== DATASET EXCERPT ==
┄┄┄┄┄┄┄┄┄┄

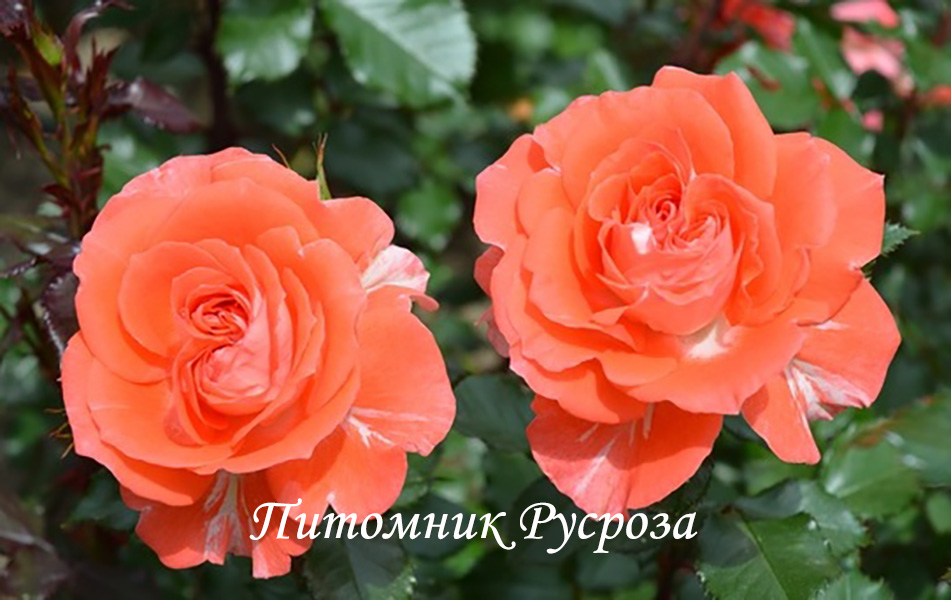 НАТАЛЬЯ МУРАВСКАЯ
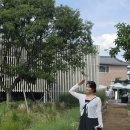 이리 - 익산시 만석길 338-1 | 충남 예산 대형카페 <카페이리정미소> 내돈내산 후기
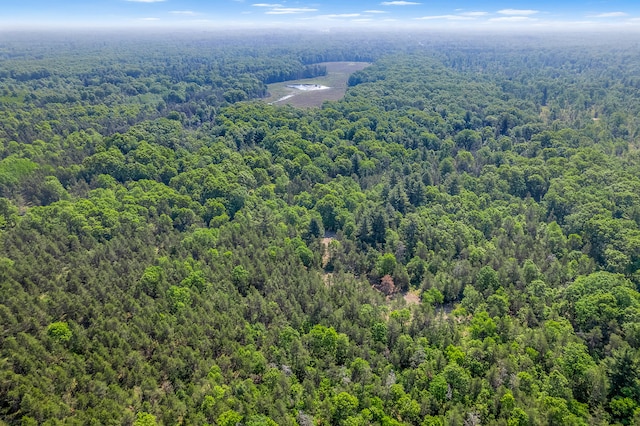 VL Lakewood Rd, Twin Lake, MI 49457 - photo 17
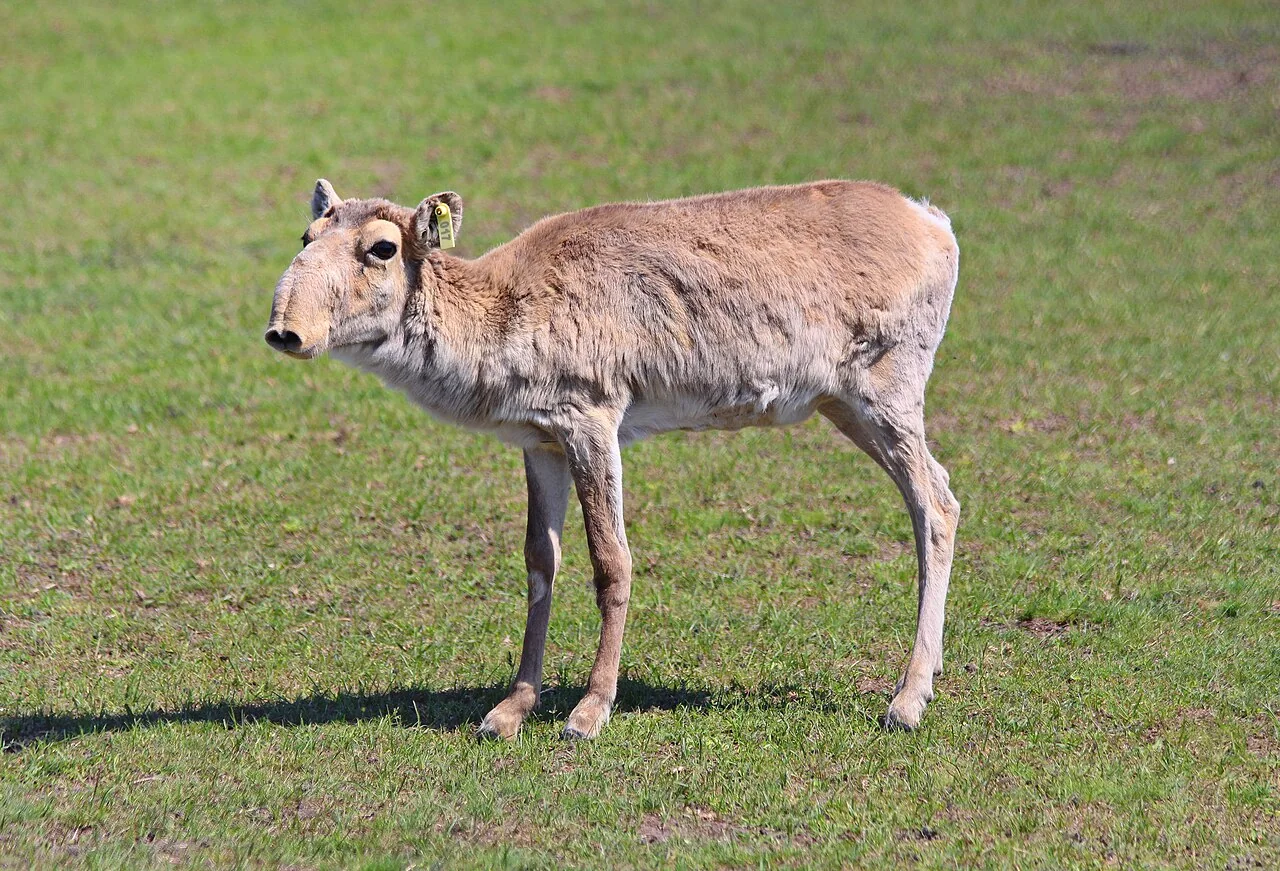 Group of saiga antelopes in grassland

┄┄┄┄┄┄┄┄┄┄

== TASK DIRECTIONS ==
Please print the listing above again word for word, without its pictures.

== ANSWER BOX ==
 НАТАЛЬЯ МУРАВСКАЯ
 이리 - 익산시 만석길 338-1 | 충남 예산 대형카페 <카페이리정미소> 내돈내산 후기
 VL Lakewood Rd, Twin Lake, MI 49457 - photo 17
 Group of saiga antelopes in grassland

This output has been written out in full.